CLI Reference

Complete reference for all igllama commands. GGUF stands for “Georgi Gerganov Unified Format”, the standard model format for llama.cpp-compatible inference engines.

Command Overview

Command	Description
`help`	Show usage information
`version`	Show version information
`pull`	Download model from HuggingFace Hub
`list`	List all cached models
`run`	Run single-turn inference
`chat`	Interactive multi-turn chat session
`import`	Import local GGUF file to cache
`api`	Start OpenAI-compatible API server
`show`	Display GGUF file metadata
`rm`	Remove a cached model
`serve`	Manage llama-server lifecycle

help

Display usage information and available commands.

igllama help
igllama --help
igllama -h

version

Display the current igllama version.

igllama version
igllama --version
igllama -v

pull

Download models from HuggingFace Hub with progress bar and resume support.

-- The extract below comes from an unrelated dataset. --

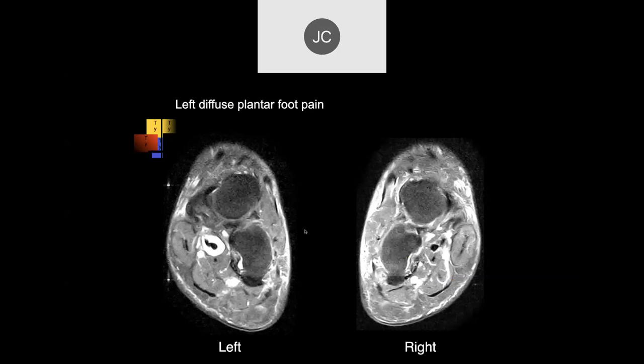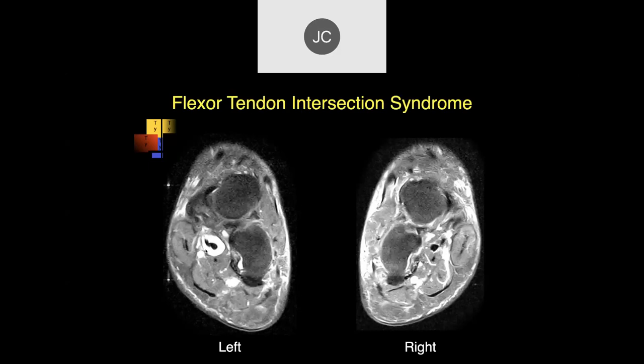Looking at this case with left diffuse plantar foot pain, there's a lot of fluid at the master knot of Henry, so we'd be concerned about an intersection syndrome here as well. Comparing the other side where we don't see fluid in that area — this is the asymptomatic side, this is the symptomatic side. That's the foot tendon intersection syndrome, or jogger's foot.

# List available GGUF files
igllama pull bartowski/Llama-3-8B-Instruct-GGUF

# Download specific file
igllama pull bartowski/Llama-3-8B-Instruct-GGUF --file Llama-3-8B-Instruct-Q4_K_M.gguf

# Force re-download
igllama pull bartowski/Llama-3-8B-Instruct-GGUF --file model.gguf --force

Flag	Description
`-f, --file`	Download specific file from repository
`-F, --force`	Force re-download even if file exists
`-q, --quiet`	Suppress progress output

list (cached models)

List all downloaded models in the cache.

igllama list
igllama ls

run (inference)

Run single-turn inference on a model.

igllama run model.gguf --prompt "Hello, world!"
igllama run model.gguf -p "Explain quantum computing" --gpu-layers 35
igllama run model.gguf -p "List 3 items" --grammar-file json

Flag	Description
`-p, --prompt`	Prompt text (required)
`-n, --max-tokens`	Max tokens to generate (default: 512)
`-ngl, --gpu-layers`	GPU layers to offload (default: 0)
`-g, --grammar`	GBNF grammar string for constrained output
`-gf, --grammar-file`	Path to GBNF grammar file

chat

Interactive multi-turn chat with conversation history and session management.

igllama chat model.gguf
igllama chat model.gguf --system "You are a helpful coding assistant"
igllama chat model.gguf --template llama3
igllama chat model.gguf --prompt "Explain recursion" --json
igllama chat model.gguf --resume session_name
igllama chat model.gguf --temp 0.8 --top-p 0.9 --top-k 40

Flag	Description
`-s, --system`	Set system prompt
`-t, --template`	Chat template: auto, chatml, llama3, mistral, gemma, phi3, qwen
`-n, --max-tokens`	Max tokens per response (default: 2048)
`-c, --context-size`	Context size (default: model training size)
`-p, --prompt`	Single-turn mode (non-interactive)
`--json`	Output response as JSON
`-q, --quiet`	Suppress model loading logs
`-ngl, --gpu-layers`	GPU layers to offload (default: 0)
`--temp`	Temperature (default: 0.7, 0=greedy)
`--top-p`	Top-p nucleus sampling (default: 0.9)
`--top-k`	Top-k sampling (default: 40)
`--repeat-penalty`	Repetition penalty (default: 1.1)
`--seed`	Random seed (default: 0=random)
`--grammar`	GBNF grammar string
`--grammar-file`	Path to GBNF grammar file
`--no-save`	Disable auto-save sessions
`--resume`	Resume session from file

Chat Subcommands

In-chat commands available during interactive sessions:

Command	Description
`/help`	Show available commands
`/quit`, `/exit`	Exit the chat session
`/clear`	Clear conversation history and KV cache
`/save <name>`	Save session to file
`/load <name>`	Load a saved session
`/sessions`	List all saved sessions
`/system <text>`	Set or update system prompt
`/tokens`	Show token usage statistics
`/stats`	Show generation statistics
`/template <name>`	Switch chat template

import (cache models)

Import local GGUF files into the model cache.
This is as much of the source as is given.